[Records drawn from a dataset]
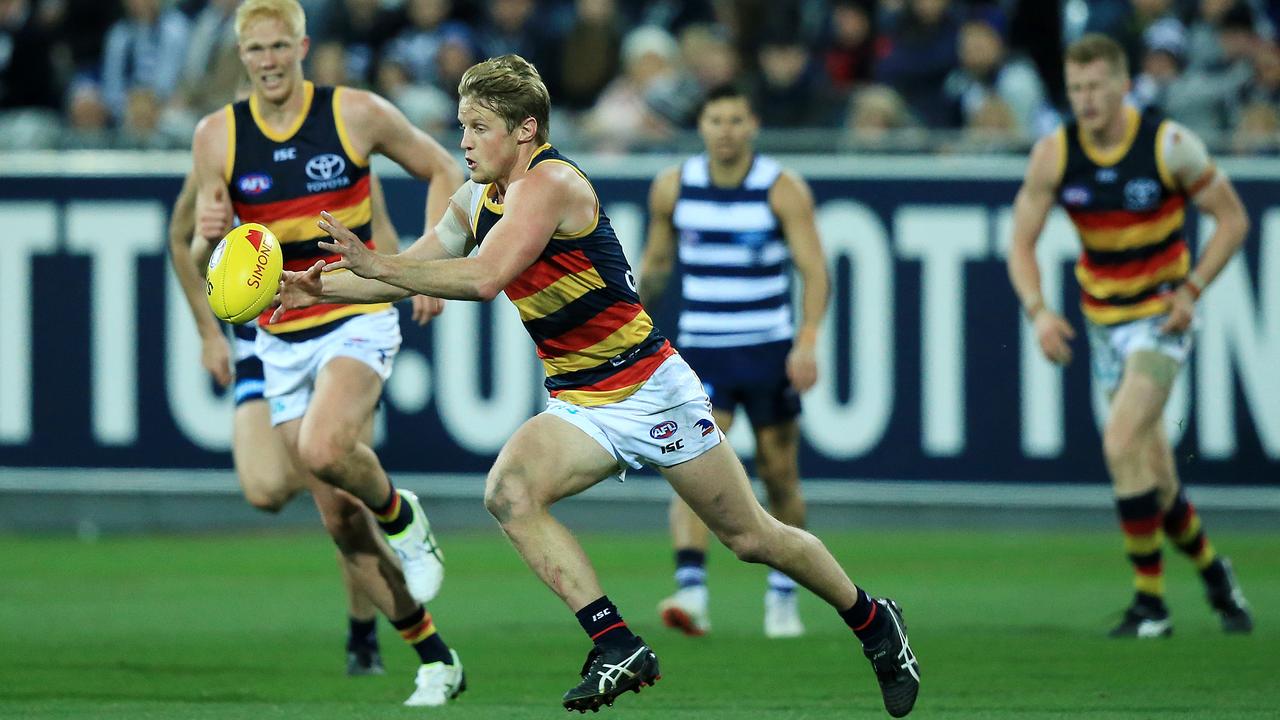 Rory Sloane in action against Geelong in Round 15.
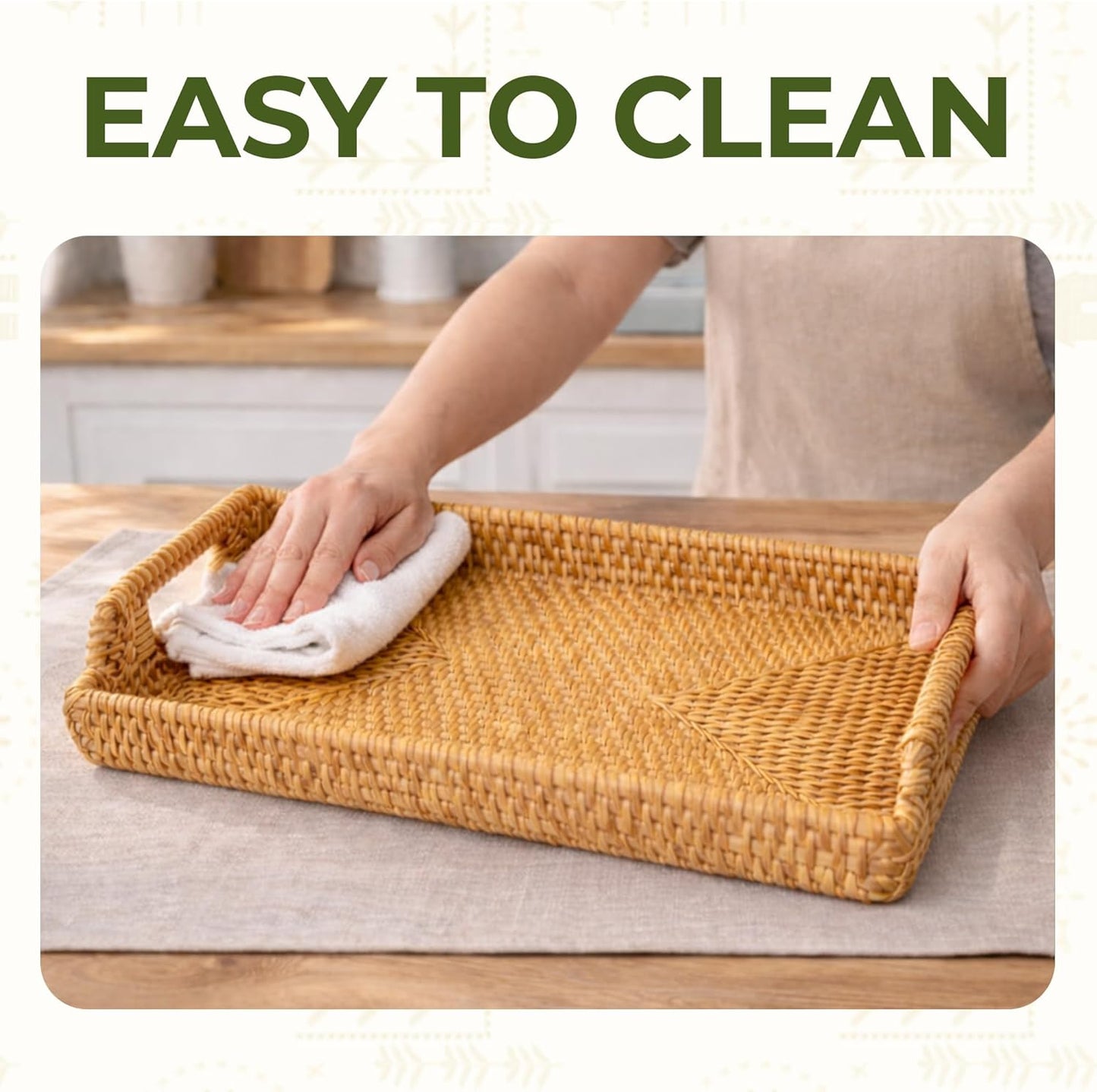Rattan Serving Tray with Handles (11.4 x 16.9 x 2 in) โ Handwoven Wicker Tray for Coffee Table, Breakfast, Ottoman & Home Decor, Natural Woven Tray
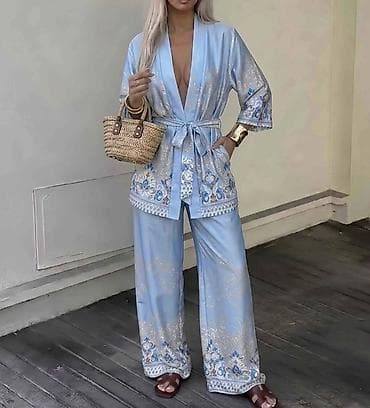 kombinezoni od satena: Komplet – kimono i široke pantalone od satena. - Gornji deo: kimono — 2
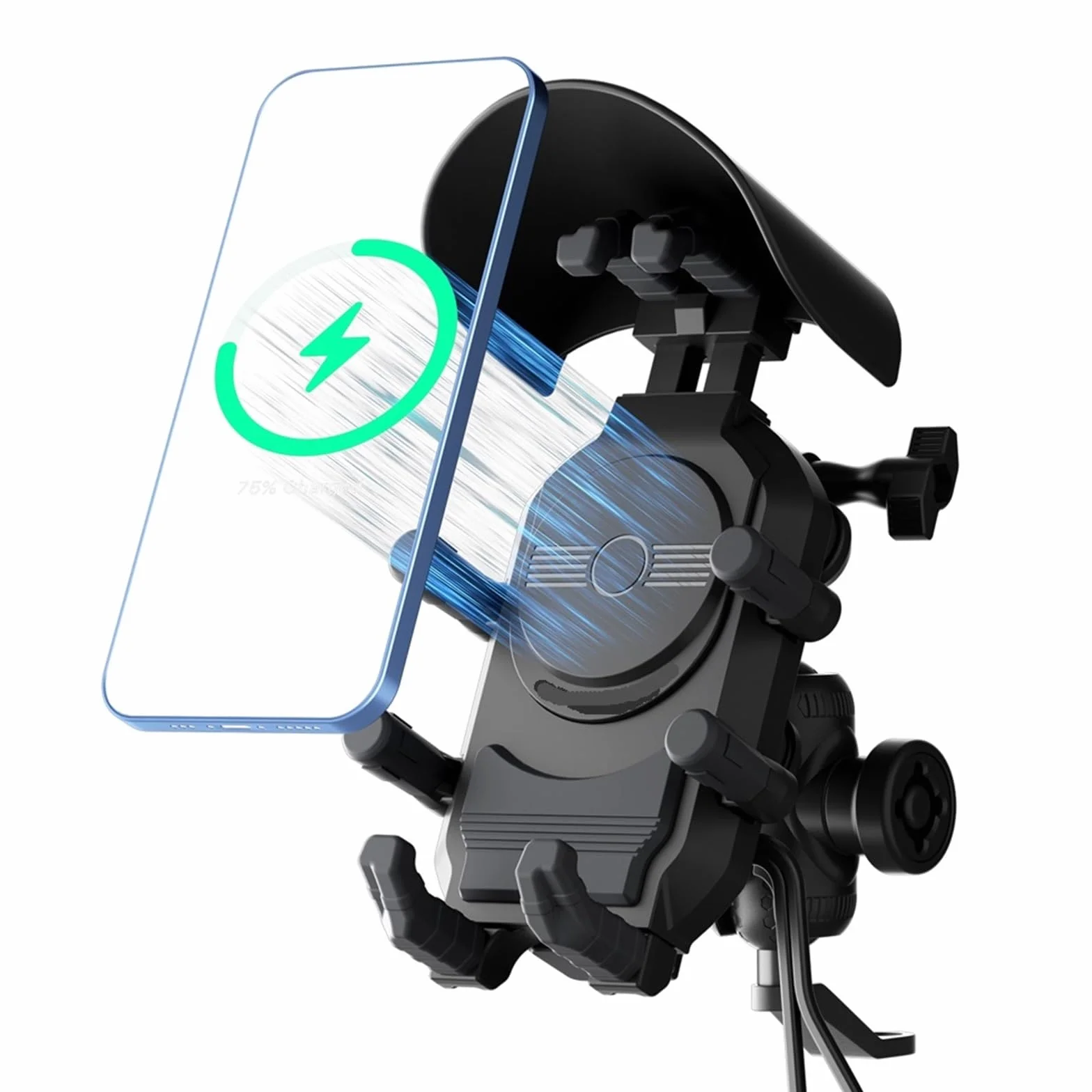 Uchwyt na Telefon Rowerowy Uchwyt na telefon motocyklowy, bezprzewodowa ładowarka, odporny na wstrząsy, uchwyt na kierownicę smartfona, uchwyt na telefon komórkowy(Handlebar)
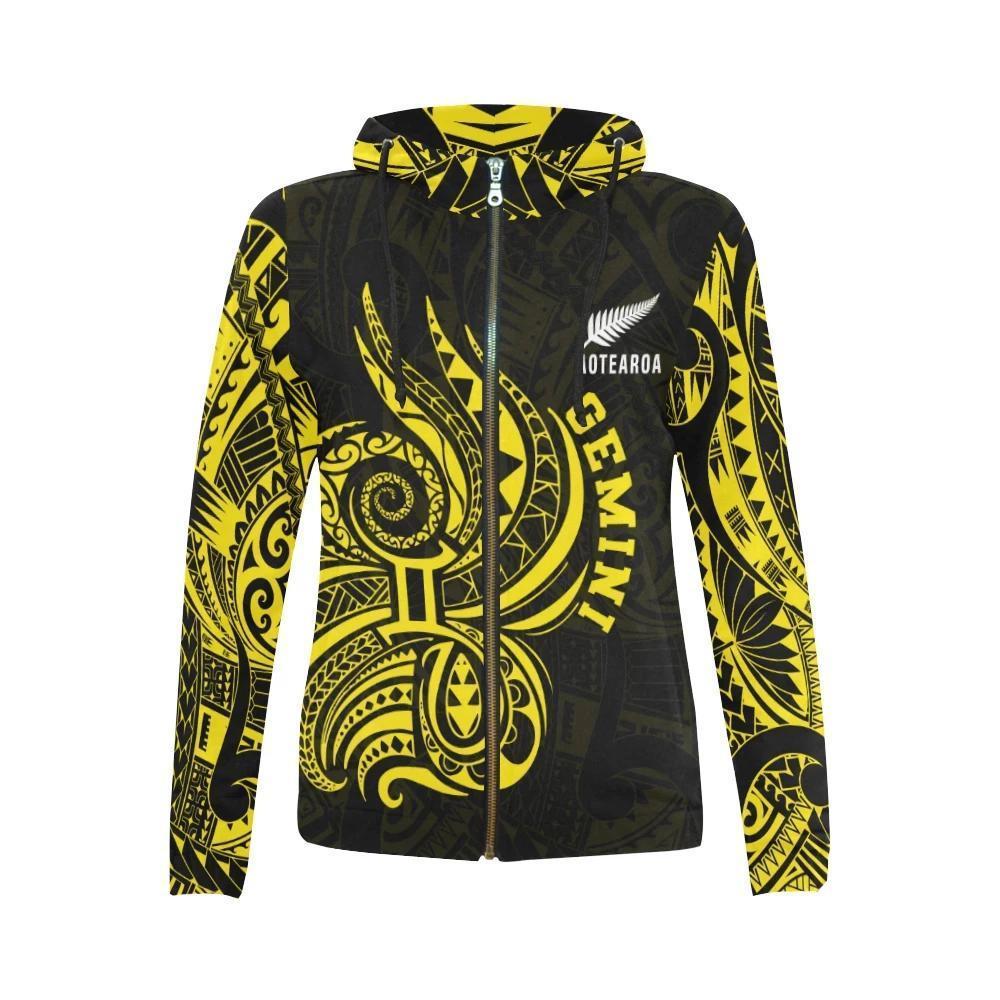 Gemini Zodiac Hoodie (Zip) Aotearoa Maori Tattoo Unisex Yellow - Polynesian Pride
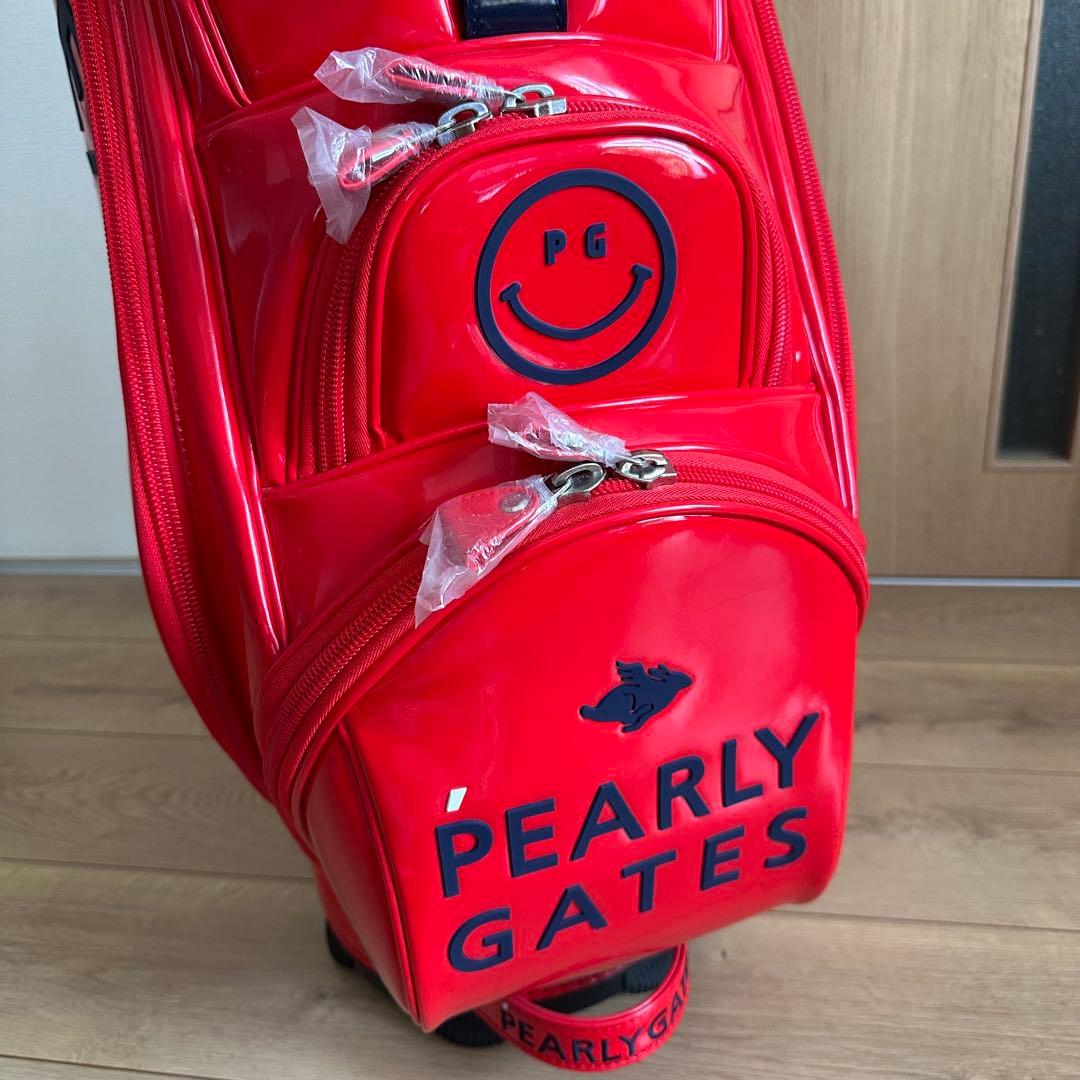 未使用 PEARLY GATES エナメル キャディバッグ レッド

#### Activity:
Line by line, retype the records above exactly, minus the images.

#### Exercise output:
 Rory Sloane in action against Geelong in Round 15.
Rattan Serving Tray with Handles (11.4 x 16.9 x 2 in) โ Handwoven Wicker Tray for Coffee Table, Breakfast, Ottoman & Home Decor, Natural Woven Tray
 kombinezoni od satena: Komplet – kimono i široke pantalone od satena. - Gornji deo: kimono — 2
 Uchwyt na Telefon Rowerowy Uchwyt na telefon motocyklowy, bezprzewodowa ładowarka, odporny na wstrząsy, uchwyt na kierownicę smartfona, uchwyt na telefon komórkowy(Handlebar)
 Gemini Zodiac Hoodie (Zip) Aotearoa Maori Tattoo Unisex Yellow - Polynesian Pride
 未使用 PEARLY GATES エナメル キャディバッグ レッド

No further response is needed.